Nice, except it looks like at least three lights are being used. Were they all PH50's?


----------



## LIGHTSMAD (May 22, 2009)

there was a picture some time ago i found in a National Geographic book,

it had somebody's bedroom that was full of bulbs: between 500,000 to 1,000,000 it was amazing....i've tryed to find it on the web but had no luck!

anyone see this before?


----------



## Ken J. Good (May 22, 2009)

Actually it looks like 4 lights are being used.

One at the upper funnel, three from the internal part of the cave.

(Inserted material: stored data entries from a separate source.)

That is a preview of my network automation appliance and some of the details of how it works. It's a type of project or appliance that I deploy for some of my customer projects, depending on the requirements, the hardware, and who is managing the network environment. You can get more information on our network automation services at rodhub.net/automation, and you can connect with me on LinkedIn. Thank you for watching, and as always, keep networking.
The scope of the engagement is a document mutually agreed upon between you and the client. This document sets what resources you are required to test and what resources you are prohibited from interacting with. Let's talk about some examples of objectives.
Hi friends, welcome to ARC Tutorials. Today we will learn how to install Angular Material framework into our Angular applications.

Note the caption below the photograph:
_"This is a panoramic composite of 4 images"_

It looks like the camera was at a fixed point. Searchlight moved and a new image captured. Put them all together and you get the new Full view of the cave.


----------



## XeRay (May 22, 2009)

Ken J. Good said:


> Actually it looks like 4 lights are being used.
> 
> One at the upper funnel, three from the internal part of the cave.
> 
> ...


 
No matter how they did it, it IS an awesome photo. Was it done on film (open the shutter multiple times on the same frame) or digital overlays ???


----------



## Ken J. Good (May 22, 2009)

The photographer is off on another adventure somewhere.

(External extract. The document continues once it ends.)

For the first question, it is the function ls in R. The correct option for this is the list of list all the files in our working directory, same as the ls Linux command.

I am waiting to hear back from him on use of the photos. I will ask him about the technical details as well.


----------



## CaveDude (May 22, 2009)

Ah yes, good ol' Rumbling Falls. Definitely want to go there someday. What isn't mentioned in the article, is that the room in this photo is accessed by rappelling in through the ceiling :duh2:. 350 foot drop in pitch black anyone?


----------



## dudemar (May 22, 2009)

CaveDude said:


> Ah yes, good ol' Rumbling Falls. Definitely want to go there someday. What isn't mentioned in the article, is that the room in this photo is accessed by rappelling in through the ceiling :duh2:. *350 foot drop in pitch black anyone?*



Not so black anymore with a PH50.


----------



## Patriot (May 22, 2009)

Ken J. Good said:


> Actually it looks like 4 lights are being used.
> 
> One at the upper funnel, three from the internal part of the cave.
> 
> ...







Ah...ok. That makes perfect sense. That's some amazing square footage to illuminate even with four composites. Very cool!


----------



## Flashanator (May 24, 2009)

The res is far too low for a pic like this.


----------



## king2penn (May 24, 2009)

Flashanator said:


> The res is far too low for a pic like this.


 
Yea, i agree too. Ill rather it be billboard size... but we're have to contact the photographer for the original file


----------



## Ken J. Good (May 24, 2009)

I am waiting for the photographer to get back to me.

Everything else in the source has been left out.